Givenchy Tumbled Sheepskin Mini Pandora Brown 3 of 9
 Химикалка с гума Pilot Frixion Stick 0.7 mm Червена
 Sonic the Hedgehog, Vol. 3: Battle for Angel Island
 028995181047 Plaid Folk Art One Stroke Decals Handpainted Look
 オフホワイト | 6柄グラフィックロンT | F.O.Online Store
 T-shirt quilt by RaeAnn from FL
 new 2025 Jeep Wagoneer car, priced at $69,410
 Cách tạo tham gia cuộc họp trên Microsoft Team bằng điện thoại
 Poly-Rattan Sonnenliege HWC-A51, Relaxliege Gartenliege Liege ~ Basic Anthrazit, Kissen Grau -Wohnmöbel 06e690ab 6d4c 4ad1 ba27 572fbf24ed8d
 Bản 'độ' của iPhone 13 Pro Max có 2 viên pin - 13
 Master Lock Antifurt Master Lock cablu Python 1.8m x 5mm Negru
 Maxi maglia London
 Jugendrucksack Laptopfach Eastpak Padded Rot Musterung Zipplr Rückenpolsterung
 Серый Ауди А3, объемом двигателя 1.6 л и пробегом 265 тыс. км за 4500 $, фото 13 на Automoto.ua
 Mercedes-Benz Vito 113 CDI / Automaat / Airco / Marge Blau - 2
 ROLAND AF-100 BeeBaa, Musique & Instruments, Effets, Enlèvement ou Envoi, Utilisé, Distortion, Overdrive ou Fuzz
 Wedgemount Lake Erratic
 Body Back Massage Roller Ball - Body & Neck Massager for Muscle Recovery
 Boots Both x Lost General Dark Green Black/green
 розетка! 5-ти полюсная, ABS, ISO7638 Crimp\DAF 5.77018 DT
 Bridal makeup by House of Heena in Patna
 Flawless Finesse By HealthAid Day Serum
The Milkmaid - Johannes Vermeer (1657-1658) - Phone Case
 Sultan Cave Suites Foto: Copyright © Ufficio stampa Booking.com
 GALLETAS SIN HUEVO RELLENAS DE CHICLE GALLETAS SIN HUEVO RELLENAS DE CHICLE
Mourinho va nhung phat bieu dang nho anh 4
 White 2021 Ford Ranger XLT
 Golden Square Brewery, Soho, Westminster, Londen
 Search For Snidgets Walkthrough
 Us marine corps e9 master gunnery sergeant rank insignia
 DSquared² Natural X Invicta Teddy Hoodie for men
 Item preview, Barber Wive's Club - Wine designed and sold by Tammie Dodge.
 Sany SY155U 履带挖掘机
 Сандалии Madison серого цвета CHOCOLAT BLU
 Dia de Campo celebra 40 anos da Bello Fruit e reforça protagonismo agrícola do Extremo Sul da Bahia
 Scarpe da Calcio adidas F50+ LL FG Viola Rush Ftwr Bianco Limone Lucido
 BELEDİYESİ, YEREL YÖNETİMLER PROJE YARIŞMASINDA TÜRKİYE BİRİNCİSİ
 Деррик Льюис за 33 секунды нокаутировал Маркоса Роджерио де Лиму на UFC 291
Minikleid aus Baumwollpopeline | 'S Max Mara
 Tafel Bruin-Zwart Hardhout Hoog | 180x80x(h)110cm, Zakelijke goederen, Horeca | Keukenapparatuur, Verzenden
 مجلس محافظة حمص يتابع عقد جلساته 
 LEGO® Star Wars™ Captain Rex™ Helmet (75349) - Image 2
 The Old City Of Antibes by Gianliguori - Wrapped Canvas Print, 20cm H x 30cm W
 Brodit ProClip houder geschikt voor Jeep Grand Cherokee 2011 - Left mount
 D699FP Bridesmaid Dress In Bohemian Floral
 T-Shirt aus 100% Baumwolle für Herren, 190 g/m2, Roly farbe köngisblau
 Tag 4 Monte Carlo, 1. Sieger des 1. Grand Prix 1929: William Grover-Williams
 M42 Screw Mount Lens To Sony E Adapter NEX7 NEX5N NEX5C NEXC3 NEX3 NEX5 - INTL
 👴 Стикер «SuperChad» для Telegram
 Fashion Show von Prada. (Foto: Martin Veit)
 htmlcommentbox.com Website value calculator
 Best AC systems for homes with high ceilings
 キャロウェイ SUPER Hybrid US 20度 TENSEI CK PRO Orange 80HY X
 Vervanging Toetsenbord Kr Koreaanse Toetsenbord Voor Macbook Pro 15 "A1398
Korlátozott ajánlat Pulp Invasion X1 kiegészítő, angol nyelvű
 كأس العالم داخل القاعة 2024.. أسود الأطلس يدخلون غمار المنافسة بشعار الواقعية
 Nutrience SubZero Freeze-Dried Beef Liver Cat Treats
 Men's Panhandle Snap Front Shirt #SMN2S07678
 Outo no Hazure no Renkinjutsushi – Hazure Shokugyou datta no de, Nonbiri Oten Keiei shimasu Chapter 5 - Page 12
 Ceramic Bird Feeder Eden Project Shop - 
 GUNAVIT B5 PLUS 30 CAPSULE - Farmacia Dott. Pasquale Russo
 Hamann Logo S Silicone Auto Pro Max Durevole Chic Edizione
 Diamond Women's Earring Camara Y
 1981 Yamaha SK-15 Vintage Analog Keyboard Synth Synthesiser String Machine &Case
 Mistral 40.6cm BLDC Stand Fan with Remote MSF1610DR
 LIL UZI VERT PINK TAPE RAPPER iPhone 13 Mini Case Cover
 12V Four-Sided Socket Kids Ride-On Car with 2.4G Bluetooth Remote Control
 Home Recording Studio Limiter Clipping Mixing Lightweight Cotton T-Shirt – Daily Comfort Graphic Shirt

********

What to work on: Lines from the start of the material above through the line containing "Cách tạo tham" are to be duplicated exactly, and only those.

Answer below:
Givenchy Tumbled Sheepskin Mini Pandora Brown 3 of 9
 Химикалка с гума Pilot Frixion Stick 0.7 mm Червена
 Sonic the Hedgehog, Vol. 3: Battle for Angel Island
 028995181047 Plaid Folk Art One Stroke Decals Handpainted Look
 オフホワイト | 6柄グラフィックロンT | F.O.Online Store
 T-shirt quilt by RaeAnn from FL
 new 2025 Jeep Wagoneer car, priced at $69,410
 Cách tạo tham gia cuộc họp trên Microsoft Team bằng điện thoại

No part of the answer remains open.